Supplied material Block Start

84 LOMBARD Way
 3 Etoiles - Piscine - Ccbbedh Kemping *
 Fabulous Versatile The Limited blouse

Supplied material Block End
Supplied material Block Start

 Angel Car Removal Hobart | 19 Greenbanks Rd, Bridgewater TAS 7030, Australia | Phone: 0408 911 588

Supplied material Block End
Supplied material Block Start

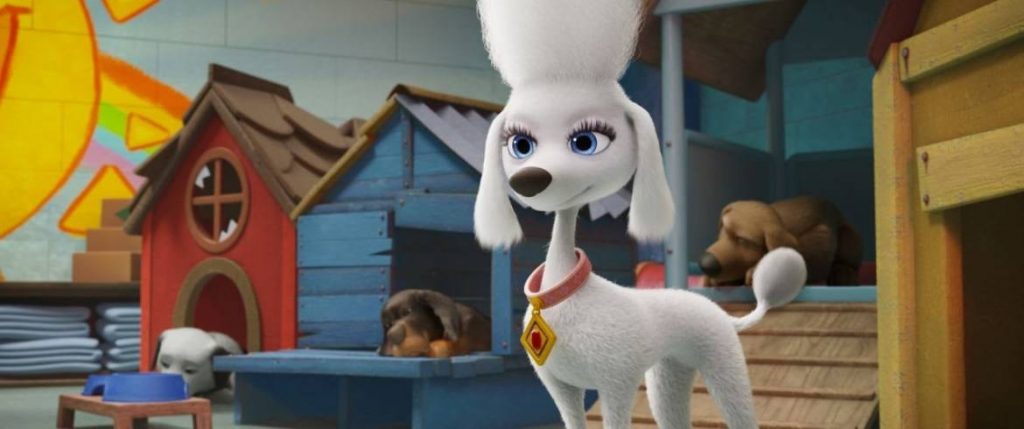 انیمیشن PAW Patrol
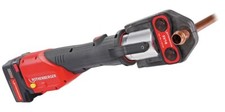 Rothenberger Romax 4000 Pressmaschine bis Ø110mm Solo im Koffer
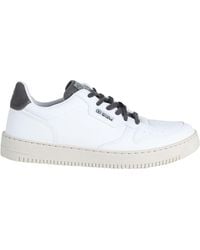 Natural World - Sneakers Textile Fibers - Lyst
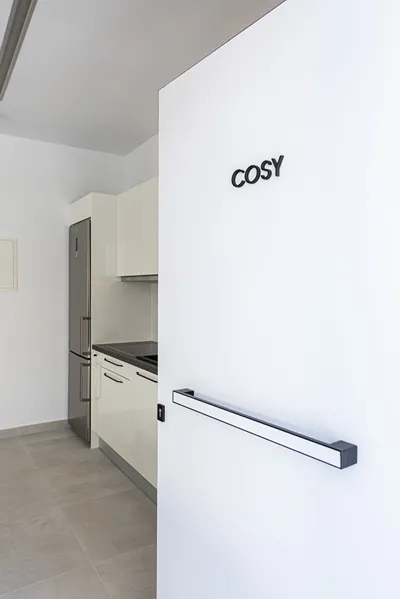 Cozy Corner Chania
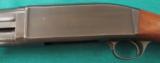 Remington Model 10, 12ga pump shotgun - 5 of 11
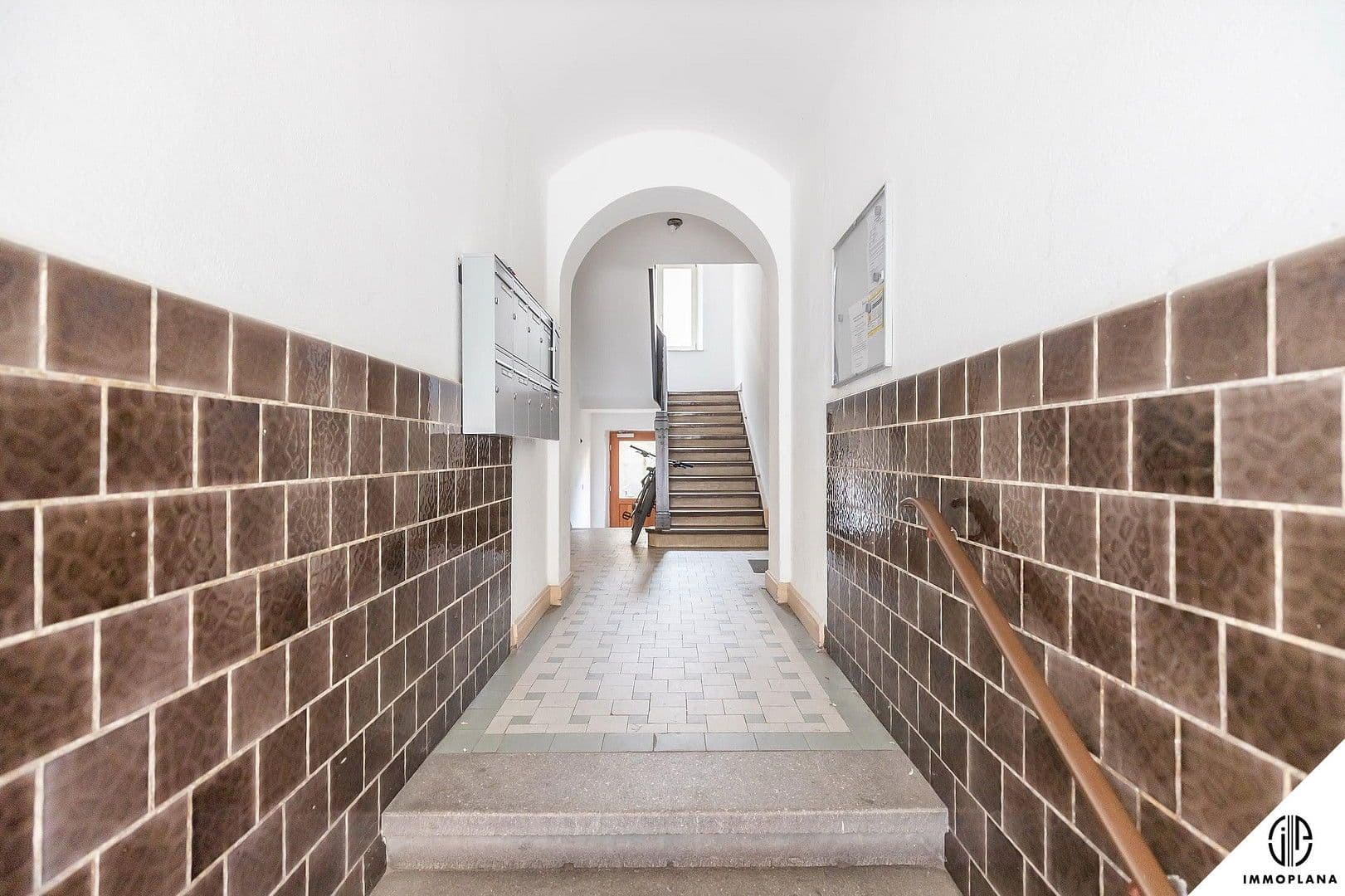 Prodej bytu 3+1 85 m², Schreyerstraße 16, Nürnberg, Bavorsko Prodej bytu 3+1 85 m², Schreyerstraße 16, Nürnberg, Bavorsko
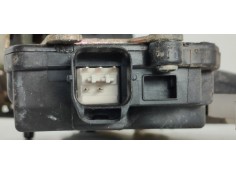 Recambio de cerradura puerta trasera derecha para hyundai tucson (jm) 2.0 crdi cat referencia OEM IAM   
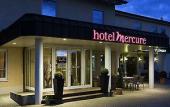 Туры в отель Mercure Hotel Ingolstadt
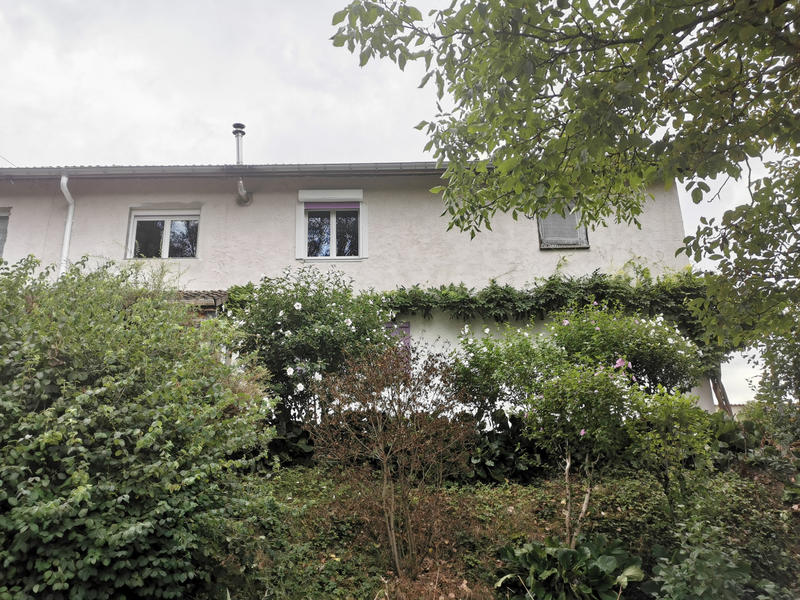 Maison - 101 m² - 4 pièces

Supplied material Block End

§ **What you will do**: Only one stretch of the listing is wanted: the lines starting at the one with "Recambio de cerradura" and ending at the one with "Maison - 101 m² - 4 pièces", copied exactly and free of pictures.

§ **Your solution**:
 Recambio de cerradura puerta trasera derecha para hyundai tucson (jm) 2.0 crdi cat referencia OEM IAM   
 Туры в отель Mercure Hotel Ingolstadt
 Maison - 101 m² - 4 pièces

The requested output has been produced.